Benches on the Anna Maria City Pier. A boardwalk in Anna Maria. Wall decor.
Emails to the city of Anna Maria contain a plethora of suggestions for re-purposing or salvaging the engraved Anna Maria City Pier planks when the pier is rebuilt.
Ayres Associates, the engineering firm hired to rebuild the pier, estimated it will take 62-82 weeks to repair and rebuild the structure.
Hurricane Irma’s passage Sept. 10-11 left the pier “totally destroyed,” according to the terms of the city’s lease with Mario Schoenfelder, which defines total destruction as damage that takes more than 120 days to repair.
However, the city has maintained the pier was in poor shape even before the hurricane.
A 2015 marine survey that found the pier in need of repair sent the city searching for repair bids before Hurricane Irma hit.
In a proposal Oct. 19, Ayres suggested using concrete pilings and lumberock — a mineral-plastic composite — planks to rebuild the pier and give it a 100-year lifespan. Commissioners voted to preserve the pier as long as possible.
One question dominated the conversation: What will the city do with the existing planks?
People have proposed all sorts of ways to reuse the sponsor planks, engraved and installed as part of the pier’s 100-year anniversary celebration in 2010 in a partnership between the pier tenant, the City Pier Restaurant, and The Islander.
Not all people are interested in saving their planks — one email from a plank owner sent to the city of Anna Maria says the engraving was dedicated to a now-failed relationship and the owner’s plank could be destroyed without heartache.
But the vast majority of writers asked for their planks to be reused or returned.

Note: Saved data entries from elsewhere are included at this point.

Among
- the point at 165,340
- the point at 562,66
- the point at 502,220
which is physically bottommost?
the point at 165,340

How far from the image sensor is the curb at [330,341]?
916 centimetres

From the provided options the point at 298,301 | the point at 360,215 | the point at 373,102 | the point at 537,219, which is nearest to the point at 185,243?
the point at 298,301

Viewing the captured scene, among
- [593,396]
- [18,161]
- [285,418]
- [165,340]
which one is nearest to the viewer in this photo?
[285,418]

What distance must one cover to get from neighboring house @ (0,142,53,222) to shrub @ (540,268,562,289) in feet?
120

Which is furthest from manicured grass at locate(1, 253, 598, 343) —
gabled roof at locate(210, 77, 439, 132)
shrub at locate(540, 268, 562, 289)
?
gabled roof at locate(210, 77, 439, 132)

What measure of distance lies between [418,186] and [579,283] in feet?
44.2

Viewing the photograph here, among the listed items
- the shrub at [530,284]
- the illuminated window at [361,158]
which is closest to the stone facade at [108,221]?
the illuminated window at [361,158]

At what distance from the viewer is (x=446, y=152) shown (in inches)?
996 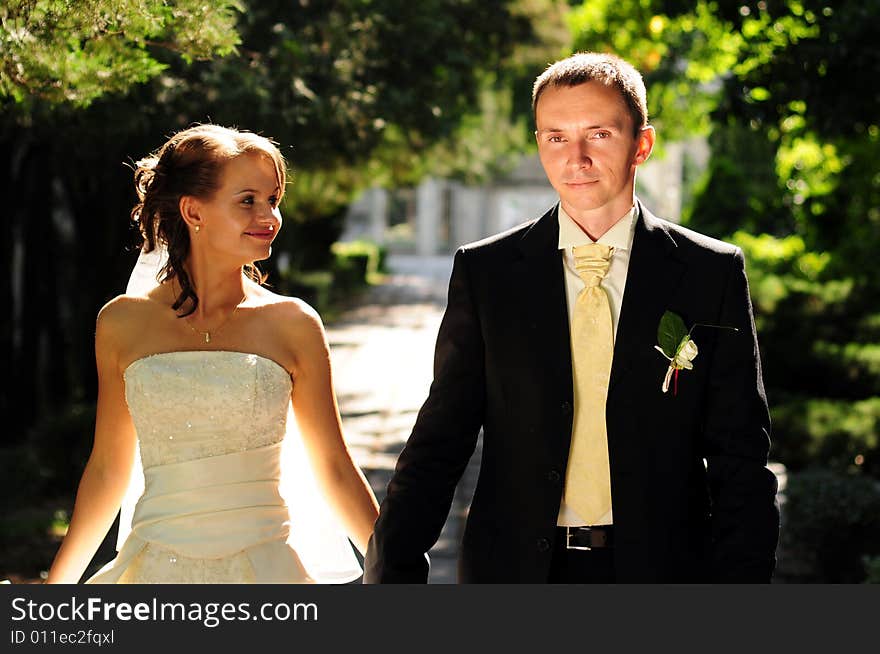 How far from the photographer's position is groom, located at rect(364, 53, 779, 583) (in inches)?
109

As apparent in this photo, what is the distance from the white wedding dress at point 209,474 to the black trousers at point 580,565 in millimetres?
896

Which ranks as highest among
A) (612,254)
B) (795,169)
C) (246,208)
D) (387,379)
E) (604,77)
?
(795,169)

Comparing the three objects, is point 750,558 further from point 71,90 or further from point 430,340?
point 430,340

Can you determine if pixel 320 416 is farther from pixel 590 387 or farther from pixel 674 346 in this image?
pixel 674 346

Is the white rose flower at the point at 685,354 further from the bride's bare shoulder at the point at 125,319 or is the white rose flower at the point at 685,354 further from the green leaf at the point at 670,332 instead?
the bride's bare shoulder at the point at 125,319

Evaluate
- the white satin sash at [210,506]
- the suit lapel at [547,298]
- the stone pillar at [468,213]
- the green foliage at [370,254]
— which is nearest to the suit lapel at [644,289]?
the suit lapel at [547,298]

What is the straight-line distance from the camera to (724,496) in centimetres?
278

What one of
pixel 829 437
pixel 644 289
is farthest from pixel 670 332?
pixel 829 437

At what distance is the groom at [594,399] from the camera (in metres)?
2.77

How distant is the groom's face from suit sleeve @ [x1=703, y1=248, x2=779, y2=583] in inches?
16.6

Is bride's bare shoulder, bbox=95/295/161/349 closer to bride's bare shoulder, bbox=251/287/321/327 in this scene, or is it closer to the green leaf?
bride's bare shoulder, bbox=251/287/321/327

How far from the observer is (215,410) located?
3.43m

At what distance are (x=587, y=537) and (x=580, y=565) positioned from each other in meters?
0.06

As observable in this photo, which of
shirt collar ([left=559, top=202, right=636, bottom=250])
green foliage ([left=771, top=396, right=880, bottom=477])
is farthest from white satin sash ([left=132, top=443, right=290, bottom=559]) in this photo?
green foliage ([left=771, top=396, right=880, bottom=477]) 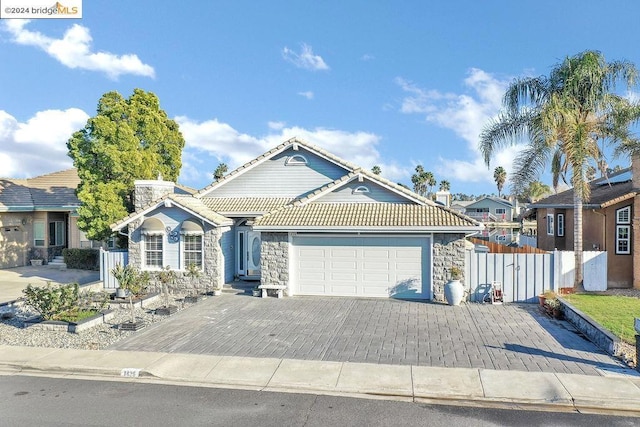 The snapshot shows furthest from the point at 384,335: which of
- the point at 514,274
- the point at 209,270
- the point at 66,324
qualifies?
the point at 66,324

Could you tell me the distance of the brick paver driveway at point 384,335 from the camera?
10.4m

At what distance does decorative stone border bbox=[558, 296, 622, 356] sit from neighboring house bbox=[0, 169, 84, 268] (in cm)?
2652

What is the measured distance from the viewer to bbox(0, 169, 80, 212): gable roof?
90.9 ft

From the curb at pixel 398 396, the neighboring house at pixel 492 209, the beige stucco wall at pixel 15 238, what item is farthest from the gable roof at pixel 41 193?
the neighboring house at pixel 492 209

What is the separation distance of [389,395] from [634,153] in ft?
52.3

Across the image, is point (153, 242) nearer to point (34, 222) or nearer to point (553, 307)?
point (34, 222)

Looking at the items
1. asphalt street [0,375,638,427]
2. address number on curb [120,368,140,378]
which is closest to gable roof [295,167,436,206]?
address number on curb [120,368,140,378]

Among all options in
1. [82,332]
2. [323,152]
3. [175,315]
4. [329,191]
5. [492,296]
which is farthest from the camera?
[323,152]

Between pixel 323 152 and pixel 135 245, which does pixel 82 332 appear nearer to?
pixel 135 245

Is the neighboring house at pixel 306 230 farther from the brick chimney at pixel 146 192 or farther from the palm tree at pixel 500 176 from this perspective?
the palm tree at pixel 500 176

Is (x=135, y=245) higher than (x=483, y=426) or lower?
higher

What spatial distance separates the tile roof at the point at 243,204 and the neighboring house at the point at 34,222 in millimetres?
12119

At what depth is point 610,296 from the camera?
17125 mm

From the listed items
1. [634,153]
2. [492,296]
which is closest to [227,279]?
[492,296] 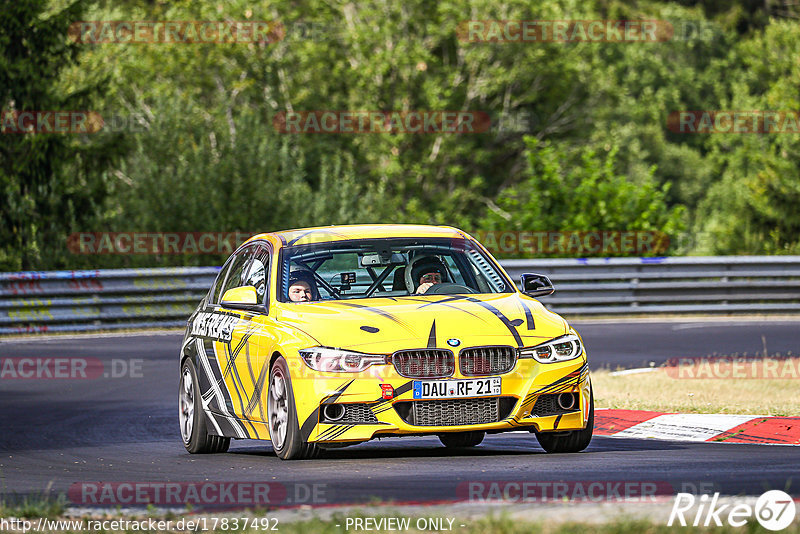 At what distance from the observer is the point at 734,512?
20.4 ft

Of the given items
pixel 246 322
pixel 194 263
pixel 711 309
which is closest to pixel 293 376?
pixel 246 322

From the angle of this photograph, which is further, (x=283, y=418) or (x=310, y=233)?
(x=310, y=233)

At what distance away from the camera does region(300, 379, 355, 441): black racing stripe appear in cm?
905

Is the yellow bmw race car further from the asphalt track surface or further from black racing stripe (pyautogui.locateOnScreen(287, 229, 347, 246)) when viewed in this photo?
the asphalt track surface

“We hope that the planks will be used in some way at least that we can still see them,” wrote Bradenton residents Carol and Gerry Verrechia Oct. 27 in an email.
Douglas Terry, president of a once active group known as the Pier Regulars, asked Murphy to consider park benches, which he suggested would be helpful to old-timers walking the pier.
An email signed by the Callen family asks the city to keep a plank made in honor of their parents. Jim Callen was one of the founders of an early Anna Maria Turtle Watch organization. “My parents are no longer with us and we would like to keep this memory,” the email reads.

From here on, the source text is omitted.